If you have a related question, please click the "Ask a related question" button in the top right corner. The newly created question will be automatically linked to this question.

Don't understand CE Multi-core overhead example

Hello,

A benchmarked example shown in CE Multi-core Overhead Analysis suggests that cache maintenance is the significant overhead in the multi-core architecture. I see Step 4 is about 21000 microseconds (~ 95.0%) but this step is related to Activating, processing, deactivating the codec (from what I have understood is a fast process). Others steps including invalidation and write back buffers are about 2% of overhead (and I assume these are the lowest processes). Could anybody clarify this point?

Regards,
gaston

  • Hello Gaston:

        The benchmark example found that the cache overhead (Sum of steps 3 and 5) was about 3.8 % of the total processing time.

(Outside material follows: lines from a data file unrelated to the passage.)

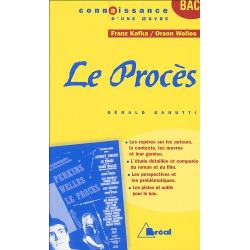 Le Procès. Franz Kafka - Orson Welles
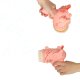 Soap Bubble Gun with Wings, Pink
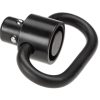 Clawgear Sling Swivel 1.25 Inch Stainless Steel Black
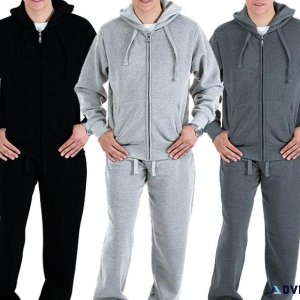 Chic and in High DemandLEEHANTON Men s 2 Pcs Hooded Sweatshirt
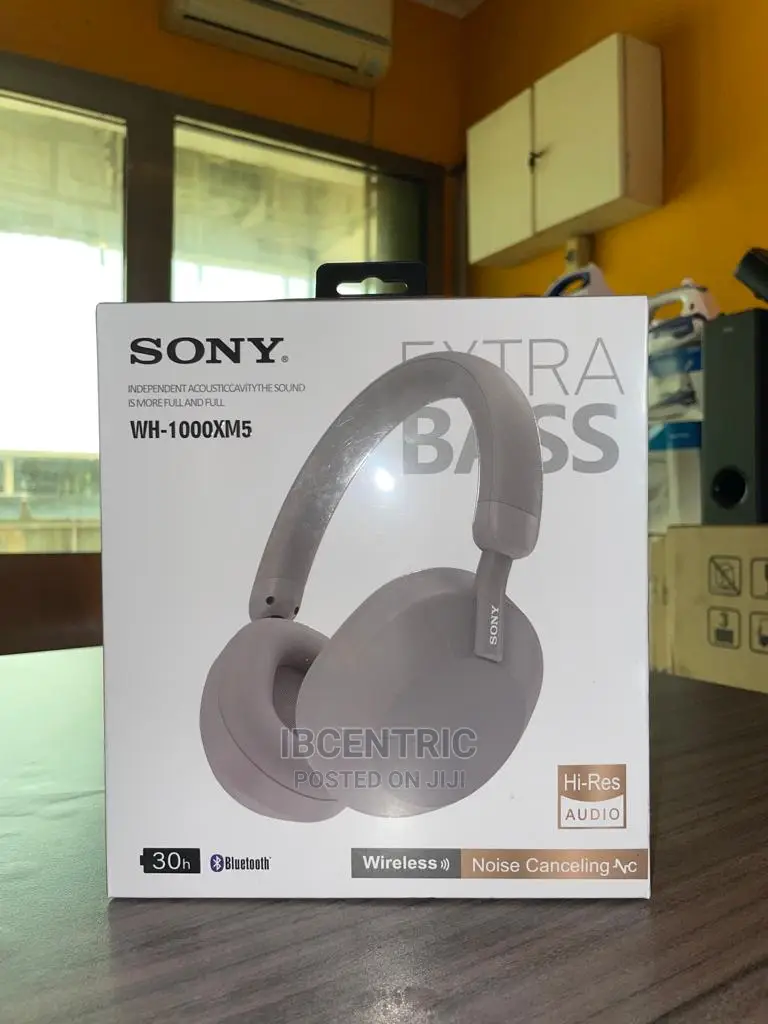 Sony Wireless Extra Bass Headphones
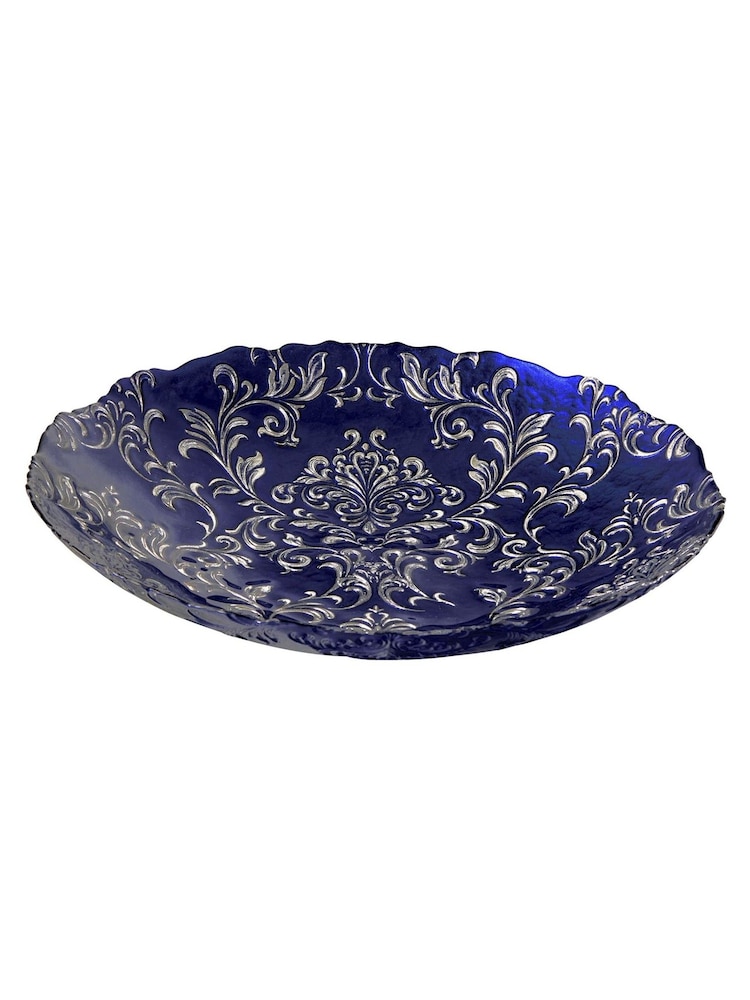Anton Studio Designs Blue Baroque Bowl - Image 4 of 4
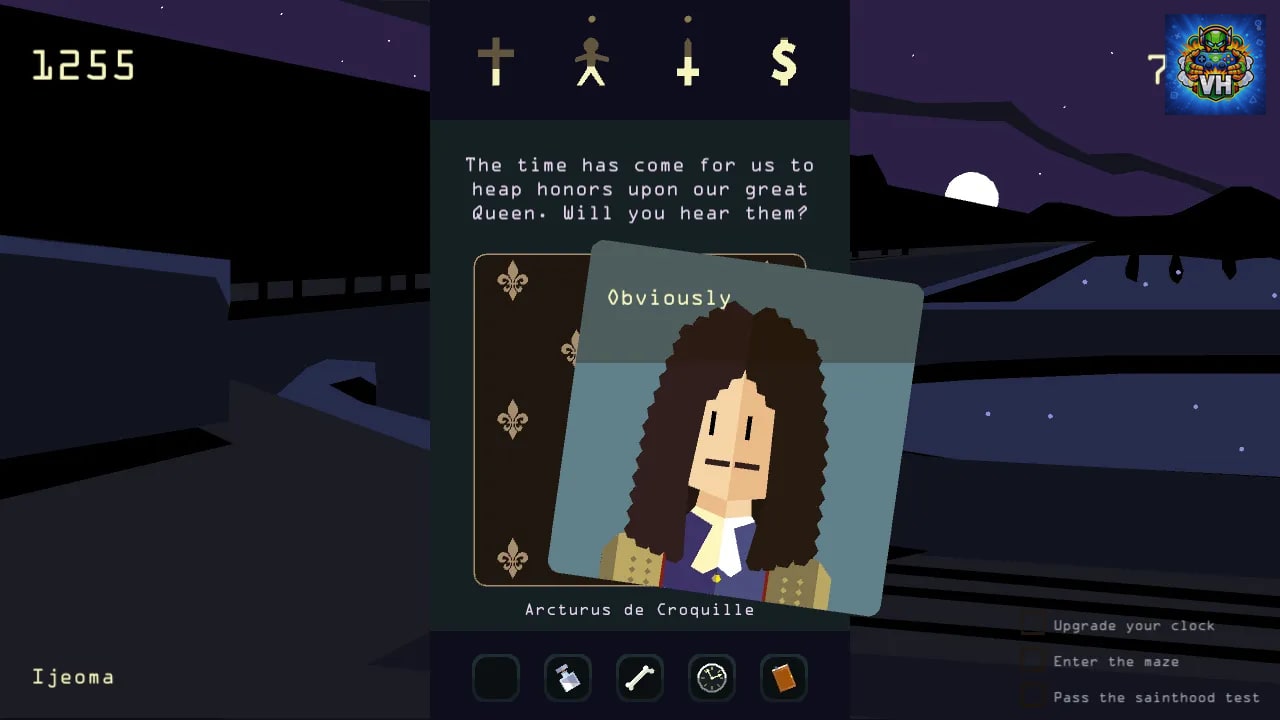 Reigns: Kings & Queens Nintendo Switch - ảnh màn hình 1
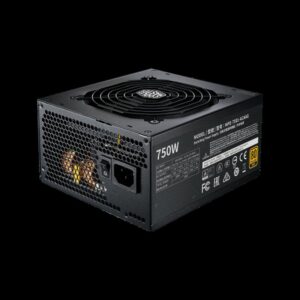 Cooler Master MWE Gold 750 - V2 unidad de fuente de alimentación 750 W 24-pin ATX ATX Negro Cooler Master MWE Gold 750 - V2 unidad de fuente de alimentación 750 W 24-pin ATX ATX Negro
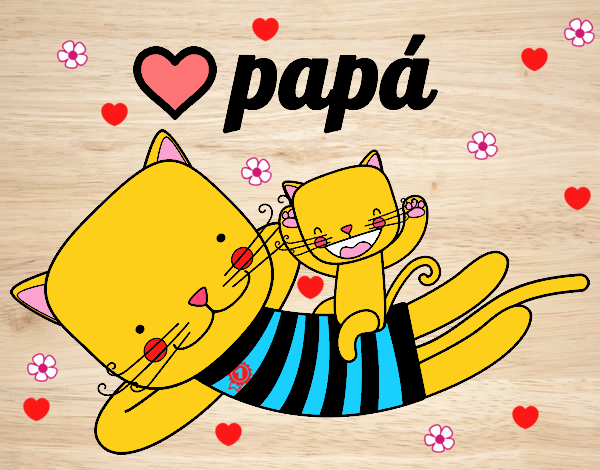 Papá gato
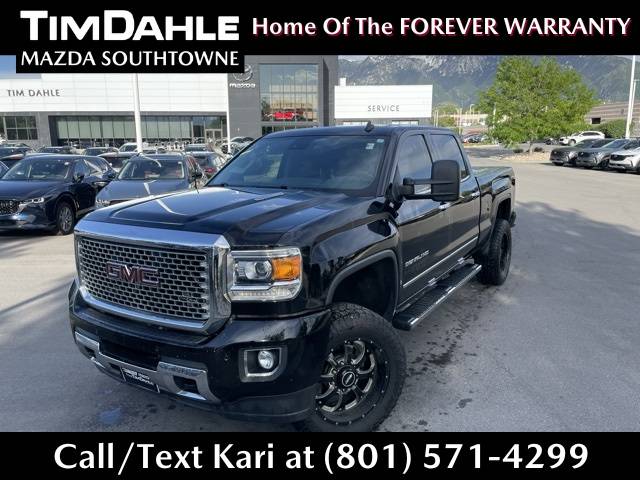 2015 GMC Sierra 2500hd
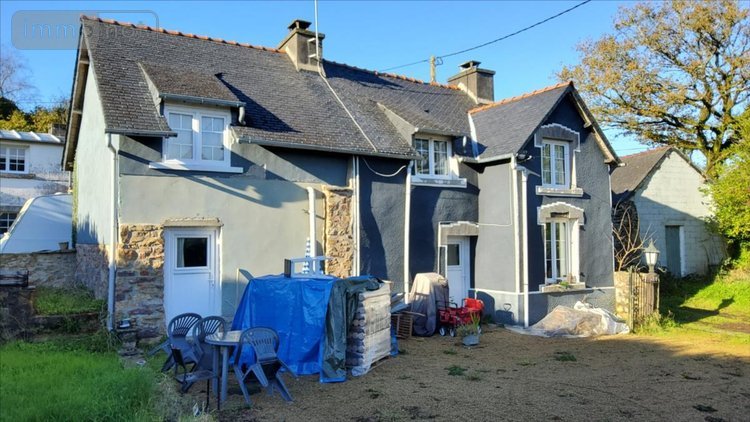 Maison a vendre Plonévez-du-Faou 29530 Finistère 66 m2 4 pièces 102900 euros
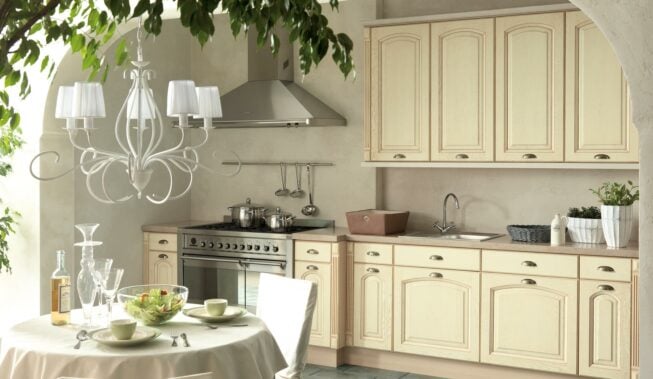 Kuchnia w stylu włoskim – aranżacje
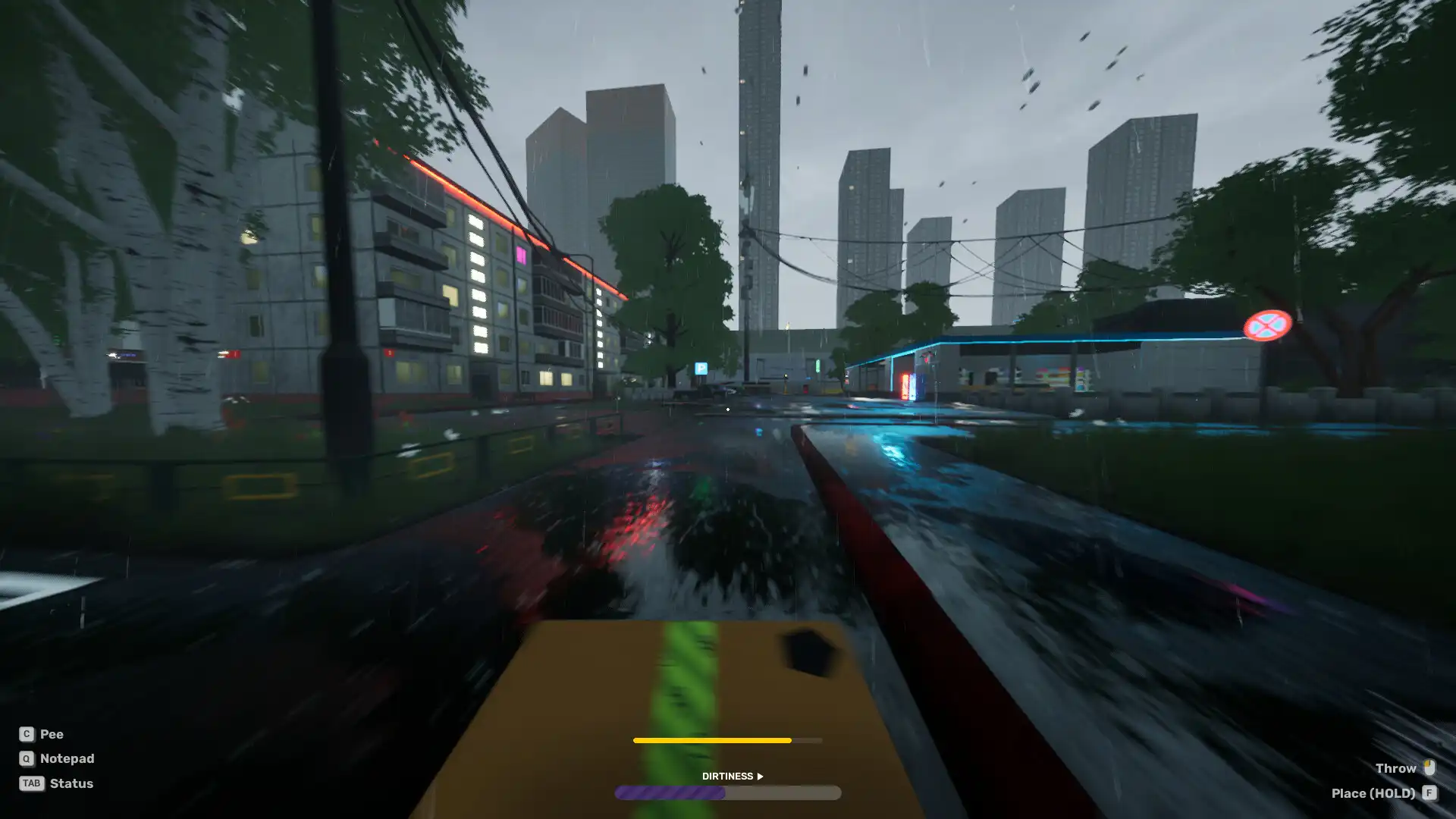 图片[1]-[PC]混乱快递：配送模拟器/Chaos Express: Delivery Simulator-芝士游戏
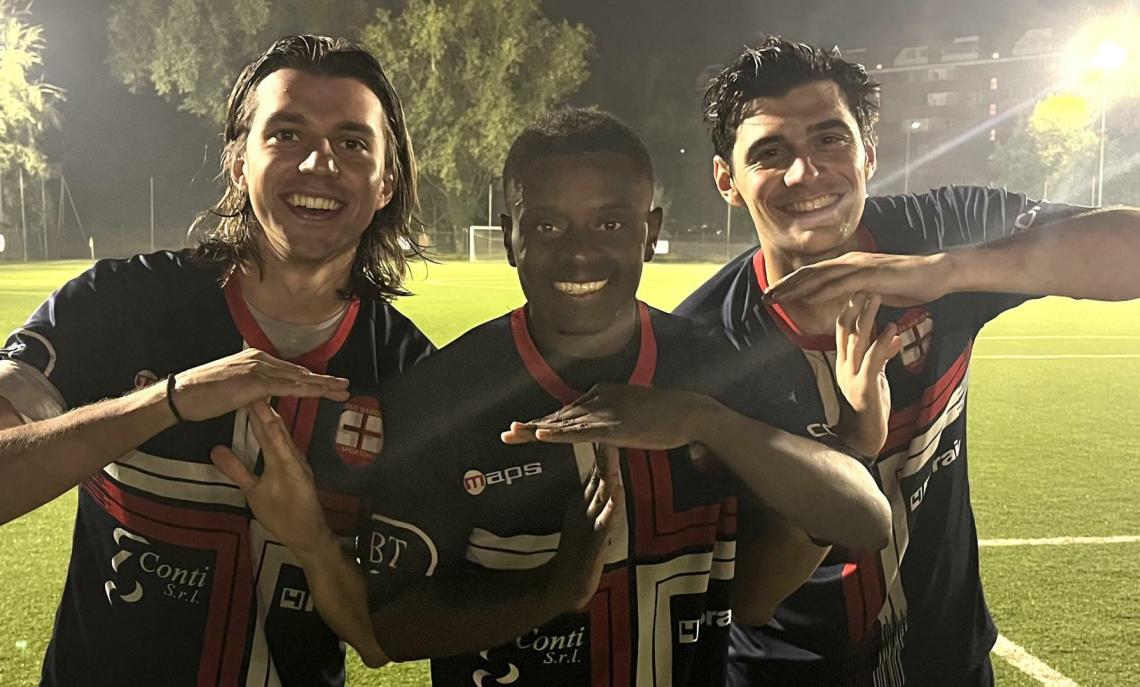 Mezzina, Tchetchoua e Casini - Barona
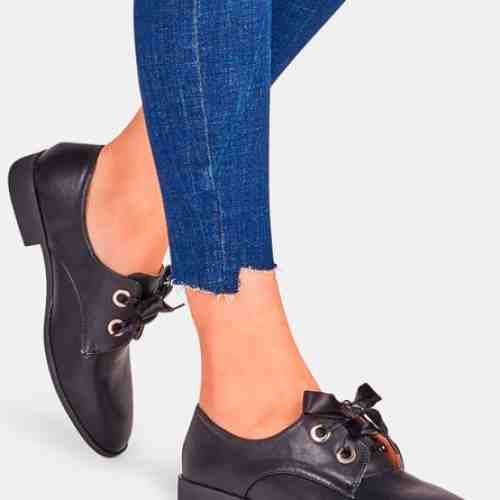 Pantofi casual Siren Negri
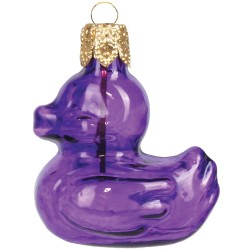 Christbaumschmuck Entchen 6 Stück sortiert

        Steps 1 + 2 + 6 + 7 - 150 microseconds ~ 0.7%
        Step 3 - 500 microseconds ~ 1.8%
        Step 4 - 21000 microseconds ~ 95.0%
        Step 5 - 450 microseconds ~ 2.0%
        Step 4 includes the processing time for the algorithm, which in this case was a video decoder, taking about 21 ms per frame.  This processing time includes the codec engine activation and deactivation of the algorithm, the time for which is not explicitly given, but assumed to be negligible compared to the video decoder.
     
        So the total overhead (cache plus other) surrounding the execution of the video decode appears to be around 4.5% in this example.
    - Gil
  • This article explains a bit more about why cache is a concern, and the operations necessary for frameworks like Codec Engine:
         
    http://processors.wiki.ti.com/index.php/Cache_Management

    If you're the algorithm author, and you know some of these cache management overheads are unnecessary, the CE Overhead article you reference contains several techniques for optimizing/eliminating the cache management happening within CE.

    Chris

  • Gil,

    Thank you for giving more details. Anyway, I'm not sure if this is a good example to show the cache overhead because it is much lower than the processing time for the algorithm. In this case I'd use another example (i.e. universal copy) that implements a faster algorithm (memcpy) compared to the Inv / Wb buffer management.What's your opinion?

    Regards,
    gaston

  • Gaston:

        Overhead time applies to anything other than the algorithm processing time, so it's best to use a real-world example, in this case a video decoder, to see realistic cache overhead percentages.

        Using universal copy in place of the *algorithm* would only change the cache overhead percentages, not the actual cache overhead time, assuming the I/O buffers are the same size and number. 

        It seems to me the video decoder example is better because it is a *real* algorithm, which nevertheless shows a non-negligible impact due to cache operations.

    Regards,

    - Gil